One has one of two options to achiev that kind of thing: 1) Compute only parts of the peridogram 2) Use a model-based frequency estimator Both apporaches rely on prior knowledge / assumptions / prejudice / hearsay about what the spectrum actually looks like, and what one will find. The problem with such approaches is that they are not awfully robust with respect to flawed prior assumptions: If the spectrum line is not in the band where one computes the partial periodogram, one will not find it. If the data do not comply to whatever parametric model the estimator is based on, the computed numbers are little more than mumbo-jumbo. Pulling this to the ridiculously extreme, the fastest frequency estimator is to state the number directly. No computations required. Of course, this relies on that the number is (assumed) known up front. If one states the wrong number, one is screwed. Rune
On 5 May, 05:41, Rune Allnor <all...@tele.ntnu.no> wrote:

> One has one of two options to achiev that kind of thing: > > 1) Compute only parts of the peridogram > 2) Use a model-based frequency estimator > > Both apporaches rely on prior knowledge / assumptions / > prejudice / hearsay about what the spectrum actually looks > like, and what one will find.
Exactly.
> The problem with such approaches is that they are not > awfully robust with respect to flawed prior assumptions: > If the spectrum line is not in the band where one computes > the partial periodogram, one will not find it. If the data > do not comply to whatever parametric model the estimator > is based on, the computed numbers are little more than > mumbo-jumbo.

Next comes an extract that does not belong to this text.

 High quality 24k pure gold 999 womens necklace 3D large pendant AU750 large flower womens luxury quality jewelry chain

Agreed. If the signal ain't a sine wave in noise, you'll get garbage. But then anything will give you garbage in that case if you estimate the "frequency".

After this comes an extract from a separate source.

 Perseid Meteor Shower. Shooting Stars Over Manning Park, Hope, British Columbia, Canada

> Pulling this to the ridiculously extreme, the fastest > frequency estimator is to state the number directly. > No computations required. Of course, this relies on that > the number is (assumed) known up front. If one states the > wrong number, one is screwed.
Ah, but that's a biased estimator! ;-) Such an estimator can, indeed, give a better estimation error than the periodogram.... for precisely the right constant value. ;-) But then you knew that. Ciao, Peter K.